Juliette Binoche stars as a world-weary, foul-mouthed truck driver who unwittingly gets caught up in a sex slavery ring when she discovers the cargo she needs to transport to protect her jailed brother is a young girl. Morgan Freeman is the seasoned FBI agent searching for the girl, while Monaghan plays his partner, a by-the-book special agent who learns about real-life crime in his first foray into the field.
"When you say words like human trafficking, or sexual slavery, I think it's very easy for your brain to shut off because it's so bleak. It's so uncomfortable and it's so horrible. How do you even process such a thing?" Monaghan says.
"But what I liked about the script was for as dark as the subject matter was, it wasn't preoccupied and just sitting in this misery. It was finding elements of these characters and exploring them from a human perspective," he adds. "These characters get put into very difficult circumstances and it asks the questions of what they're going to do within those circumstances."

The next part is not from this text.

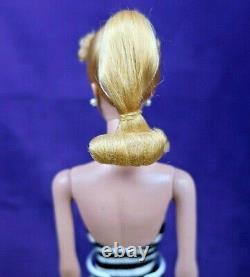 STUNNING 1960 #4 Vintage Barbie Blond Ponytail SS Bklt Glasses Std Repro Box BIN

I spoke with Monaghan about his already extensive career, which includes roles in 40 TV shows and films. That includes a turn on the Batman-centered TV drama Gotham, in which he plays twin brothers who provide a possible origin story for the Joker. "I grew up as an avid comic book reader, and I was specifically a huge fan of Batman. I do think that there's no greater villain than the Joker."
I ask if it's more fun to play a supervillain or a superhero? "You know, I still haven't been a superhero," he said with a smile and laugh.
Listen in to my conversation with Monaghan in the podcast player above. And subscribe to I'm So Obsessed on your favorite podcast app. In each episode, CNET's Patrick Holland or I catch up with an artist, actor or creator to learn about their work, career and current obsessions.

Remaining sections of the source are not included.